Ma la cosa più inquietante, semmai corrispondesse a verità, è quanto viene scritto nell’articolo citato, dove si riportano alcune frasi rilasciate nell’intervista dal produttore Tealdi: “il maggior problema dei giornalisti italiani non è la censura quanto l’autocensura.”
Quando un sistema non deve più ricorrere alla censura per controllare l’informazione, ma dispone di vincoli e forme di controllo così sottili, ramificate e invasive da assicurare lo stesso risultato, significa che la libertà intesa come diritto e come dovere civico ed interiore è avvizzita.
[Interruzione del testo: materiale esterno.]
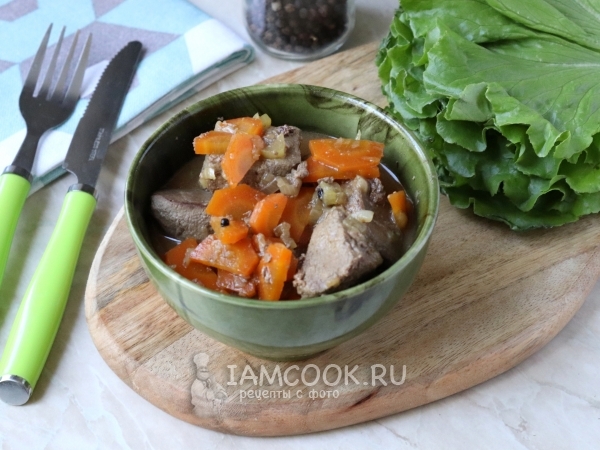 Тушеная свиная печень, рецепт с фото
Ma questo “mal sottile” ristagna sia nelle pieghe del potere dove istituzioni e organi deputati mancano ai loro doveri deontologici, sia nella morale dell’individuo.
Qualora il giornalista o altro esponente della cultura, sentisse il “dovere” di emendarsi, secondo i desiderata del potente di turno, per ragioni di opportunità, – economica, di carriera e altro ancora -, significherebbe che il tessuto intellettuale della nazione è decaduto al rango di “scriba”, cioè di semplice esecutore nel riportare e trasmettere la altrui volontà.

Senza più analisi critica, senza più il desiderio di ricercare la verità. Ciò equivarrebbe alla morte della coscienza di un Popolo, ma anche alla fine di questo Popolo.

Per la verità preoccupazioni simili sono diffuse in tutto il pianeta.
Basti pensare alla “disponibilità” di gran parte dei mass media anglosassoni di accettare per buone le più ridicole bugie espresse dall’Amministrazione americana a proposito delle “armi di distruzione di massa” in Iraq o numerosi altri interventi sulla questione del terrorismo, ecc. che hanno evidenziato un atteggiamento “morbido” e “collaborativo” con i rispettivi governi.
Questo crescente distacco dalle finalità di una libera informazione sta divenendo usuale e, in qualche modo, generalmente accettato. Credo che la crisi di obiettività e indipendenza che sta colpendo, anche se in misura diversa, le società dei paesi democratici abbia delle radici comuni che si chiamano liberismo e globalizzazione. In nome del mercato si è acconsentito alla creazione di imperi mediatici di dimensioni colossali che dispongono di quote rilevanti nei singoli paesi e contemporaneamente sono presenti su molteplici mercati. Ciò, evidentemente, consente un controllo dell’informazione assolutamente impensabile fino a qualche anno fa. I vari Murdoch, Berlusconi (in questo caso in veste imprenditoriale) sono i rappresentanti di interessi e “filosofie” in grado di inficiare seriamente l’obiettività dell’individuo e, di conseguenza, la sua libertà di pensiero.

E’ tempo di uscire dalle secche di un’epoca arida e senza ideali.
Se il singolo ha il dovere di continuare a mantenere e ricercare una propria indipendenza intellettuale boicottando le grandi catene mediatiche, a livello collettivo si deve avere il coraggio e l’intraprendenza di porre alcuni settori dell’agire umano al riparo del verbo liberista. Il settore mediatico a cui potrebbero aggiungersene altri, quali il farmaceutico, l’istruzione, la salute, la ricerca dovrebbero essere protetti dai criteri meramente economicisti ed aperti ad una visione della vita e della società maggiormente orientata ai reali bisogni di una comunità sempre più vasta e complessa dove la solidarietà, il senso di giustizia ed il rispetto per l’uomo siano valori condivisi ed universalmente accettati.